The Supreme Court’s Janus v. AFSCME decision in June freed government workers nationwide—including public school teachers—from being forced to pay money to unions as a condition of employment. But that ruling was just a start toward liberating public servants from the grip of the unions that control their jobs. The next step should be eliminating the unions’ ability to establish themselves as exclusive representatives of all employees.
Even in a post-Janus world, unions in most states hold all the power in negotiating salary, benefits, and work conditions. Were teachers allowed to bargain for themselves or even to form a rival union, Big Labor would face its worst nightmare, something even more abhorrent than a right-to-work country: competition. As teacher-union watchdog Mike Antonucci writes, “The very first thing any new union wants is exclusivity,” whereby “no other unions are allowed to negotiate on behalf of people in the bargaining unit. Unit members cannot hire their own agent, nor can they represent themselves.” Teachers should be free to negotiate for themselves, without a union. The idea of a “members only” union is fair to both sides, but monopoly-minded union leaders adamantly oppose it.
The Buckeye Institute has filed two lawsuits that aim to repeal exclusivity laws. One plaintiff, Marietta, Ohio high school Spanish teacher Jade Thompson, disagrees with her union on many questions, including seniority practices and maintaining fringe benefits at the cost of cutting academic programs. Another, Kathy Uradnik, professor of political science at St. Cloud State University in Minnesota, wants out because her union bars nonmembers from serving on various faculty committees and joining the faculty senate. These public-sector teachers, and many others like them, are tired of the restrictions that unions—to which they don’t even belong—place on their work.
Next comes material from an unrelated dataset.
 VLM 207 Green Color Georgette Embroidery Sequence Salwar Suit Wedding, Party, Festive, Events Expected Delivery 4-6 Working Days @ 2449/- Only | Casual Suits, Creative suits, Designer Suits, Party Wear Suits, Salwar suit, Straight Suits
Another crucial step in the battles ahead: forcing unions to recertify themselves regularly. If your grandmother hired a law firm to help her get through some legal troubles, would you be forced to hire that same law firm 40 years later? Of course not. But as things stand now, grandma could have voted a union into power in the 1970s and—if you followed her into teaching—you would be represented by the same union today, with no choice in the matter. Only 6 percent of workers represented by a union today voted for that union to represent them.
The standard bearer for union recertification is Wisconsin governor Scott Walker, whose Act 10, among other things, specifies that unions take annual votes to maintain certification. The law was passed in 2011; by 2015, Wisconsin teachers had decertified more than 100 public school unions. “Inherited” unionism has to go: intergenerational power has no place in America.
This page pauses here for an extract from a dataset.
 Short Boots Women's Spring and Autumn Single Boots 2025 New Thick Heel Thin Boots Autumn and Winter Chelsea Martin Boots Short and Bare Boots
Recertification laws don’t always go far enough, though. Under Florida’s HB 7055, 51 percent of the teachers in a school district can drag the dissenting 49 percent into collective bargaining negotiations. Again, those who don’t want to join a union should not be forced to be part of the bargaining unit.
In fact, the elimination of collective bargaining agreements (CBA) in public education may be beneficial for all concerned. The American Enterprise Institute’s Rick Hess and the Brookings Institute’s Martin West point out that CBAs are vestiges of the industrial economic model that prevailed in the 1950s, and are especially problematic on three fronts: “1) they restrict efforts to use compensation as a tool to recruit, reward and retain the most essential and effective teachers, 2) they impede attempts to assign or remove teachers on the basis of fit or performance, and 3) they over-regulate school life with work rules that stifle creative problem-solving without demonstrably improving teachers’ ability to serve students.” Since the passage of Act 10, which all but did away with collective bargaining for teachers in Wisconsin, graduation rates and the number of students taking advanced placement tests in that state have trended upward.
The Fordham Institute’s Mike Petrilli claims that CBAs hurt the bottom line of all teachers. Comparing salaries in districts across the country that allow collective bargaining with those that don’t, he found that teachers working in districts where the union was not involved made more money than those in collective bargaining districts—$64,500, on average, versus $57,500. Good teachers especially suffer under CBAs due to wage compression, which occurs when the salaries of lower-paid teachers get raised above the market rate; the increase is offset by reducing pay of the most productive ones.
The Supreme Court struck a blow for liberty in the Janus case, but other fixes are needed before the system is fair for all teachers, students, and taxpayers.